Mais mes canards me détendent toujours ;)

Cher Serge,
Je dirais plus précisément que les réactions à un naufrage ou aux morts que signale Armand sont significatives : comment peut-on prendre de tels risques ? Parce qu'il n'y a pas le choix pour pas mal d'entre eux. Je ne pense pas que l'on risque sa peau pour quitter son pays sans de très bonnes raisons. Si le devoir de mémoire doit servir à quelque chose (et c'est bien le moins, par respect des victimes des absurdités passées) , c'est aussi à permettre que l'histoire ne bégaie pas...

A bientôt.

Écrit par : Ubu | 09/02/2005

Pour info A décharge des douaniers américains, les Etats-Unis appliquaient alors une politique de quotas en matière d'immigration ! Ces derniers suivaient donc les ordres de leur gouvernement.
De la même façon, on pourrait reprocher aux britanniques d'avoir pendant la même période strictement limité l'entrée des juifs en Palestine.
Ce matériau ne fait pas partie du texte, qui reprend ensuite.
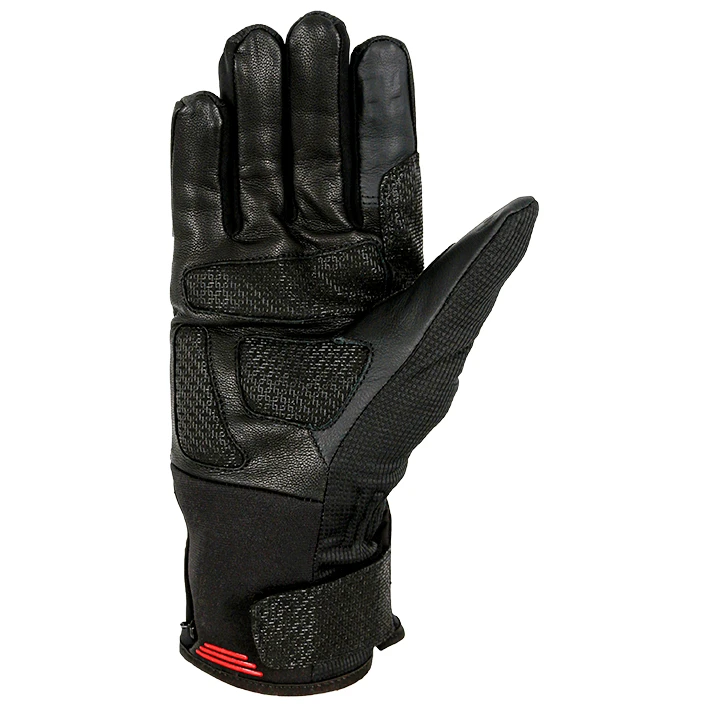 Women's Bios Heat DT Glove - Handschuhe 2 Women's Bios Heat DT Glove - Handschuhe – Bild 2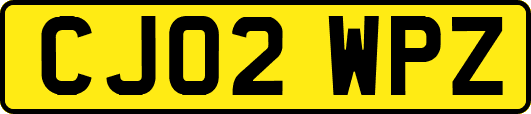 CJ02WPZ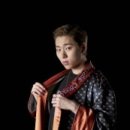 엠케이푸드 이미지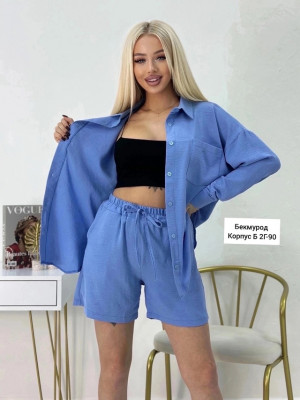 Костюм 23013267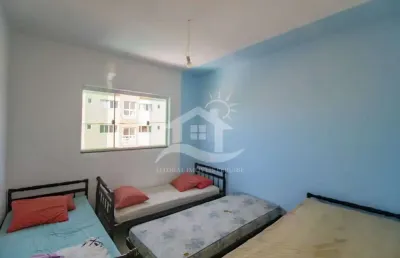 Casa sobrado novo à venda com piscina, 3 quarto(s),  sendo 1 suíte(s)  no bairro flora rica ii, 1500 metros da praia, peruíbe-sp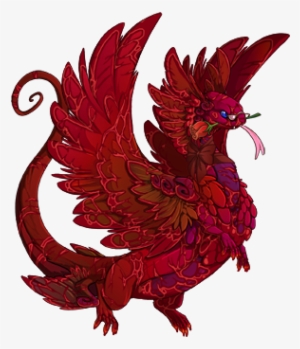 9373400 350 - Dragon #3474833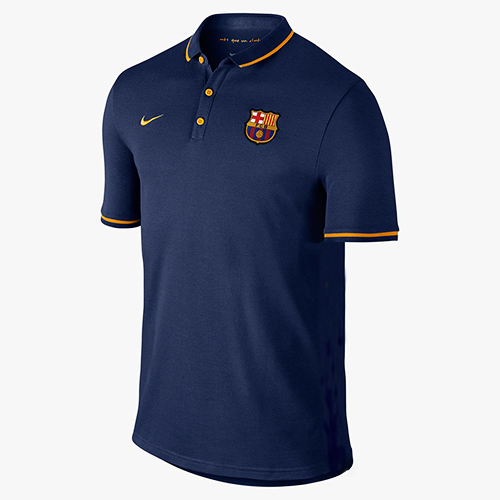 8vjl_barcelona-15-16-polo-shirt-navy-(1).jpg
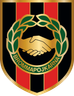 Brommapojkarna logo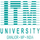 ITM University, School of Agriculture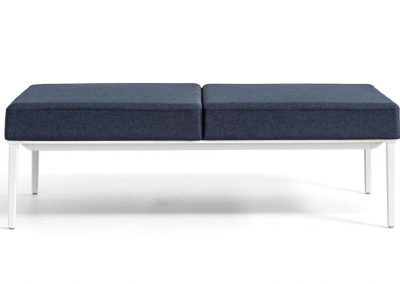 mobiliario-oficina-espera-soft-seating-longo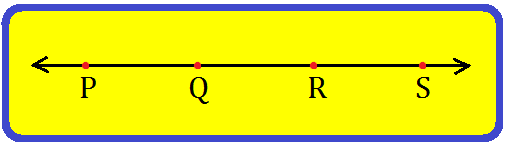 Verify by Measurement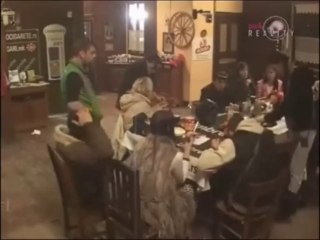 Romana ostala bez trećeg nedeljnog honorara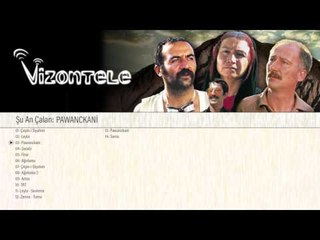 Vizontele - Orijinal Film Müzikleri (Full Soundtrack)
Écrit par : Votre Cousin | 09/02/2005

Mon Cousin, Quand un ordre est idiot, faut-il le suivre : le sujet devient difficile, puisque nous nous retrouverions avec les clauses de conscience. Comme vous le rappelez, le problème réside surtout dans les priorités politiques : droit d'asile ou quota d'immigration ? A la place de certains diplomates et politiciens, j'aurais mal dormi...
A bientôt ;)

Écrit par : Ubu | 09/02/2005

.... Ubu,

Sauf à reconsidérer des évidences émises par l'ensemble ong de protection des réfugiés, sans même évoquer les grandes agences internationales, qui rappelent qu'aujourd'hui la majorité des réfugiés sont de type "économique" et non "politique", je vois mal comment on peut comparer le sort de personnes qui fuient les chambres à gaz (ou les machettes des interhamwe ou les balles des khmers rouges) )à celui de ceux qui tentent (légitimement) leur chance dans les pays industrialisés. La question n'est pas de relativiser ou d'atténuer le malheur, mon propos visait à dire que l'on ne peut comparer la fuite d'un régime nazi, la collaboration passive face à l'extermination avec une situation actuelle, il n'y a pas de génocide en jeu. De plus, la différence entre hier et aujourd'hui, c'est que celui qui se fait refouler à Roissy ou à Londres, il rentrera chez lui puis tentera son coup, à l'époque, c'était quitte ou double (merci de ne pas me parler des bavures policières, elles ne constituent pas la majorité du genre ou alors, merci de fournir des sources de référence).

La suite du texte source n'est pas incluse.